No Bosses by Michael Albert;

No Bosses by Michael Albert;

Author:Michael Albert;
Language: eng
Format: epub
Publisher: National Book Network
Published: 2021-09-10T00:00:00+00:00


An Anti-Academic Addendum

Perhaps you have had the experience of taking an economics course in college or have otherwise heard economists claim that markets permit producers and consumers to fulfill their desires without external imposition, without waste, and supremely efficiently. Economists even prove that a mathematical model that they say captures the essence of market exchange has these delightful properties.

The problem is that their model and the reality they say their model “models” diverge dramatically. Imagine that I model war as including many people, severe disagreement, a few guns, and no dying. Then I examine my model for the properties of war. My model leaves out too much that matters. Economic theory is like that.

Briefly, the economists’ model assumes—among other falsehoods—that market buyers and sellers are all small and weak and unable to themselves affect prices. It also simplistically models their behavior as maximizing profit or surplus and maximizing personal preference fulfillment, and it then proves the model will have various properties. For example, it won’t waste things. Yet strangely, in our economy 40 percent of all produced food is wasted. That alone—and there are many such glaring gaps between claims about the model and facts of worldly outcomes—should terminate people pointing to such models instead of pointing to reality to learn about reality. It does that, at least to an extent, for some high-powered more realistic economists, but not for the economics we learn in economics 101 or from media pundits’ rhetoric.
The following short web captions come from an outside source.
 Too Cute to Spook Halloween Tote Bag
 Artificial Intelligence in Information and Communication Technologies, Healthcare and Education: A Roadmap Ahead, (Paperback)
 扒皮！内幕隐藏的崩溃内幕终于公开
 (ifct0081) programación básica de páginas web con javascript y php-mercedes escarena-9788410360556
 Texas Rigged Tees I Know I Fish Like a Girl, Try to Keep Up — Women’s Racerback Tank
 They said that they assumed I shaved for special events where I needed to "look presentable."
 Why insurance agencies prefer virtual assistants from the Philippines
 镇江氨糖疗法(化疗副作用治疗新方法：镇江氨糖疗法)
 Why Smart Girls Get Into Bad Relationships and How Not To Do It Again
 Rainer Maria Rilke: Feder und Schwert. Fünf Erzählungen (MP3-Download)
Further, and more instructively, even if reality did act like the economic models and thus did attain what the models call “efficiency,” what is that? The word efficiency is used by economists and their business paymasters to rally support for whatever they favor, but the word is rarely carefully considered. We all like efficiency when we think it means attaining desired ends without wasting things we value. Who would oppose that? No one wants to not attain what we seek. No one wants to waste what we value. And so no one wants to be called inefficient. But here is the rub.

Efficiency really means attaining the ends you seek, whatever those may be. It means not wasting things you value, whatever anyone else may think about the things you value. So, if you seek profit and you don’t value the lives of workers or the health of your workplace neighbors, you should cut workers’ pay and speed up workers’ tasks while you scrimp on their safety and simultaneously dump waste into neighboring water supplies or spew it into the sky. In fact, given market aims and what markets do and don’t value, for workplaces to not impoverish workers and to not dump pollution would be “inefficient.”

Typical economists overly abstract their models. They leave out workers’ well-being, social relations, and the environment. They then use the label efficient to appear credible and curry favor. Economists who do this are either incredibly stupid, or they know better but have succumbed to the pressure of accommodating those who pay their salaries or publish their writings.